Transcription, pictures excluded: write out the data below exactly.

**Available data**.
* * * * *
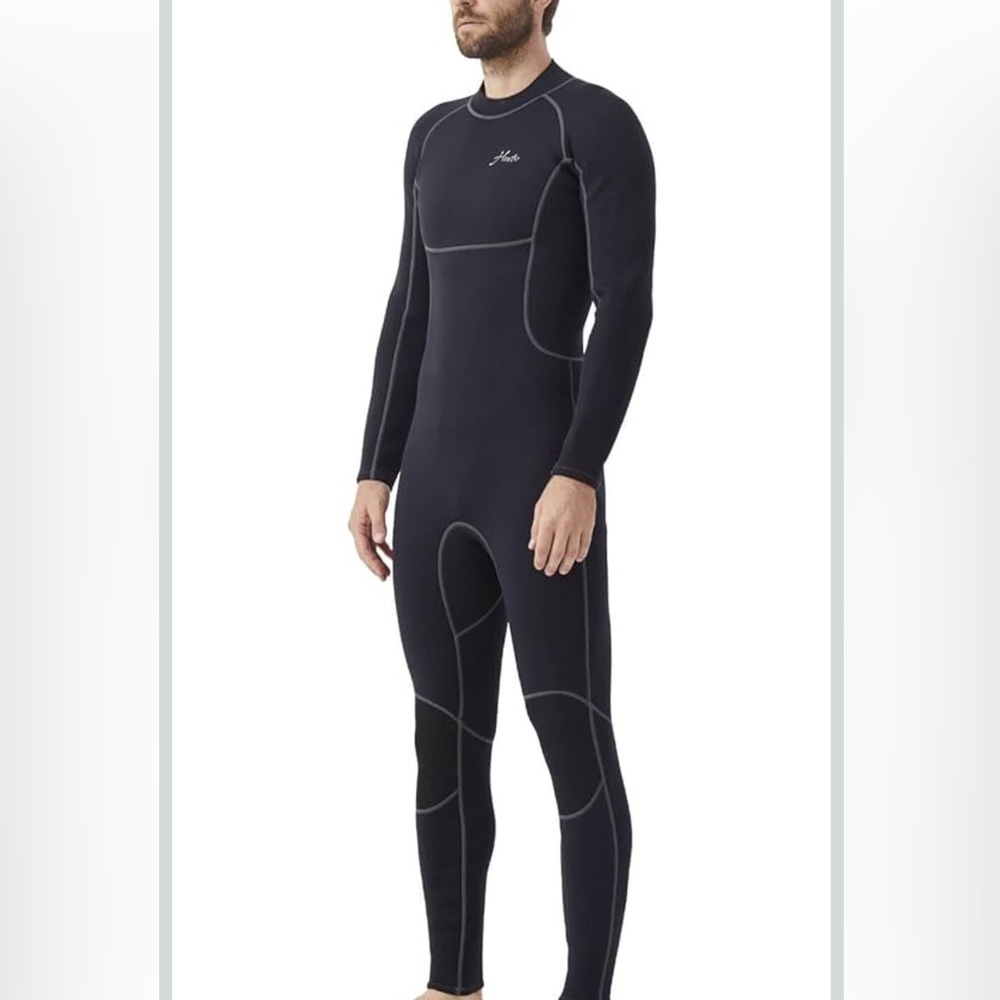 Hevto Men Wetsuits 3/2mm Neoprene Wet Suit Back Front Zip medium tall new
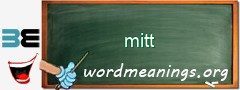 WordMeaning blackboard for mitt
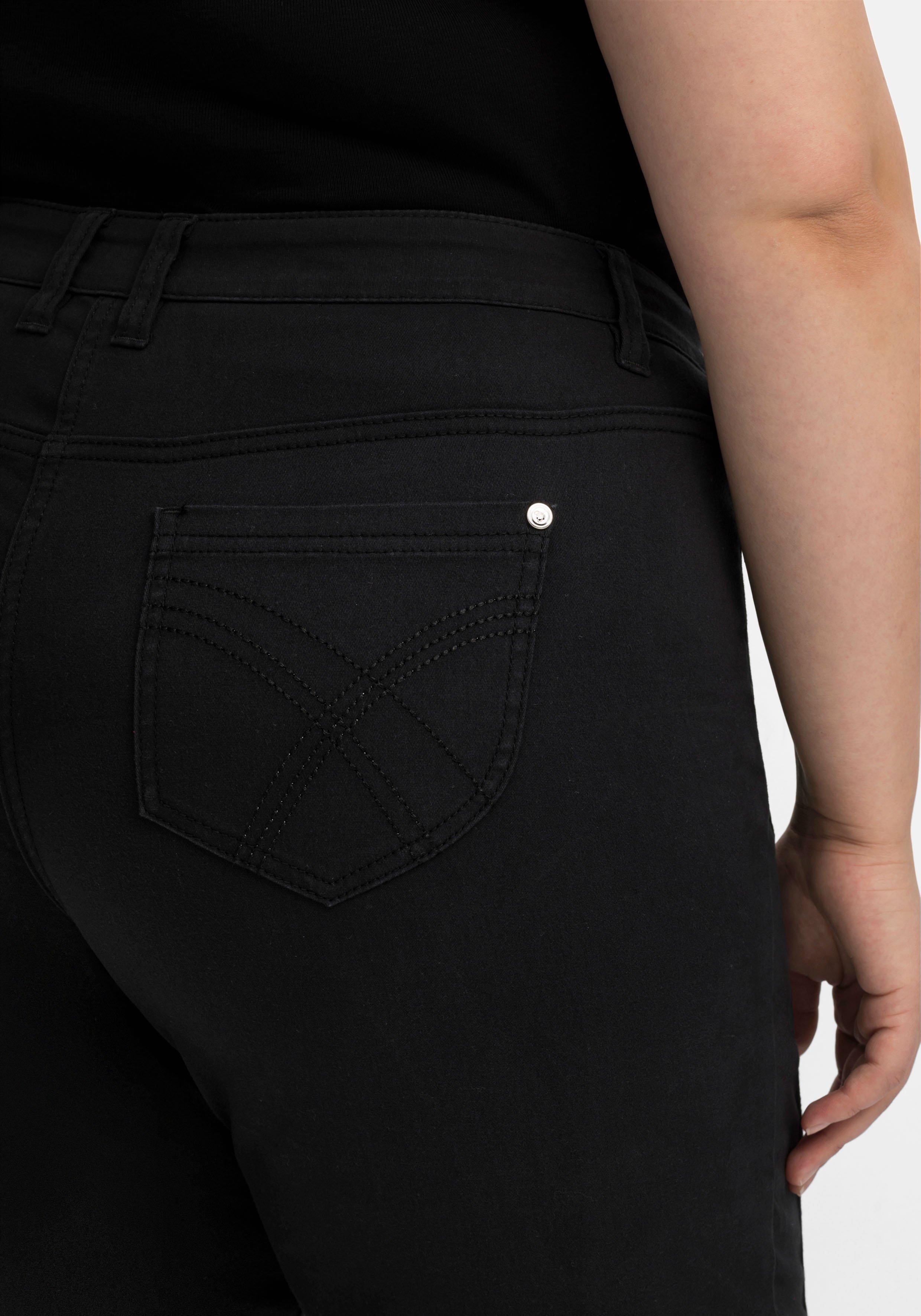 Gerade Twillhose in knöchelbedeckender Länge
* * * * *
**Exercise output**.
 Hevto Men Wetsuits 3/2mm Neoprene Wet Suit Back Front Zip medium tall new
 WordMeaning blackboard for mitt
 Gerade Twillhose in knöchelbedeckender Länge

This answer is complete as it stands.